Una encuesta revela que los murcianos están de acuerdo con que haya
vigilancia privada para disuadir a los delincuentes
A la gente no le importaría ver seguridad privada en las calles. Eso
dice, al menos, un estudio elaborado por la Asociación Profesional de
Compañías Privadas de Seguridad (Aproser). En concreto, según el citado
informe, un 15,7% de los ciudadanos se sentiría más seguro si también
hubiese vigilancia privada en las calles de las ciudades algo que, según
la actual legislación, no está permitido.
La asociación de compañías de seguridad privada, sin

embargo, cree que
se podría hacer una excepción a esta norma. "Nosotros no queremos que
haya vigilantes en las calles -señaló ayer en Murcia su presidente,
Eduardo Cobas-, pero sí creemos que puede haberlos en las calles de las
zonas comerciales de las grandes ciudades", matizó. "No se trata de
arrebatar competencias a las fuerzas de seguridad, sino de importar un
modelo que ya existe en algunos países europeos como Suecia".

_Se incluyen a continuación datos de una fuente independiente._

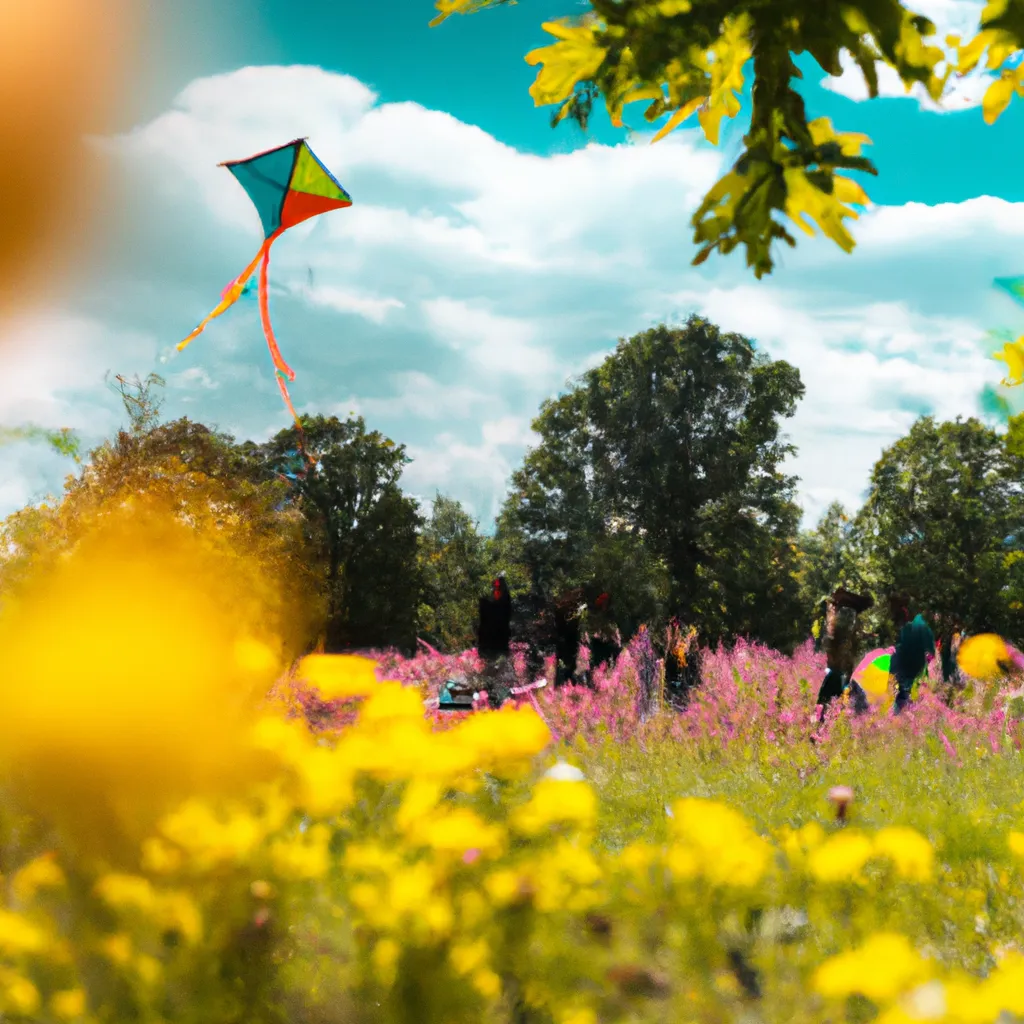 Hobby na świeżym powietrzu – najlepsze aktywności na każdą porę roku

De hecho, otro de los datos del estudio revela que casi la mitad de los
encuestados (48,6%) ve con buenos ojos que los responsables de la
seguridad privada vigilen las calles "para disuadir a posibles
delincuentes".
Esta medida es una de las planteadas por el
presidente de Aproser -formada por 13 empresas de vigilancia privada que
abarcan cerca del 80% del mercado- durante una radiografía a este
sector presentada ayer en Murcia. Junto a él estuvieron los
representantes en la zona de Murcia y Levante de tres de estas grandes
compañías: Luis Trullenque, de Segurisa; Vicente Lara, de Segur Ibérica;
y Fernando Lucas, de Securitas.
Otra de sus quejas hace hincapié en
el excesivo intrusismo que soporta este sector, especialmente en
Murcia, donde operan 61 compañías con cerca de 2.300 trabajadores. En
concreto, según las estimaciones hechas ayer por los responsables de las
empresas de seguridad, este tipo de servicios podría suponer un 15%. Se
trataría de los porteros de discoteca, recepcionistas, celadores,
cuidadores o auxiliares a los que se les encargan labores de vigilancia.
"Nosotros estamos sometidos a una legislación muy estricta y tenemos
que mantener un elevado nivel de formación, pero estos colectivos no",
denunciaron.
Esto, además de suponer una merma en sus ingresos,
les produce una mala publicidad de la que están empeñados en escapar.
"No tenemos nada contra un portero de discoteca, pero es algo muy
diferente al servicio que nosotros ofrecemos", subrayó Cobas. La mayoría
de las empresas de seguridad privada, de hecho, prefieren huir del
sector del ocio nocturno. "Es un sector que suele ser más conflictivo",
señaló Trullenque.
Los responsables de Aproser también
incidieron en la necesidad de que los profesionales de la seguridad
privada, como sucede desde hace apenas unos meses con médicos y
profesores, sean considerados como agentes de la autoridad. El mismo
informe refleja que siete de cada diez murcianos está de acuerdo con
esta pretensión, ya que consideran que la actual legislación "no protege
al vigilante de un presunto delincuente".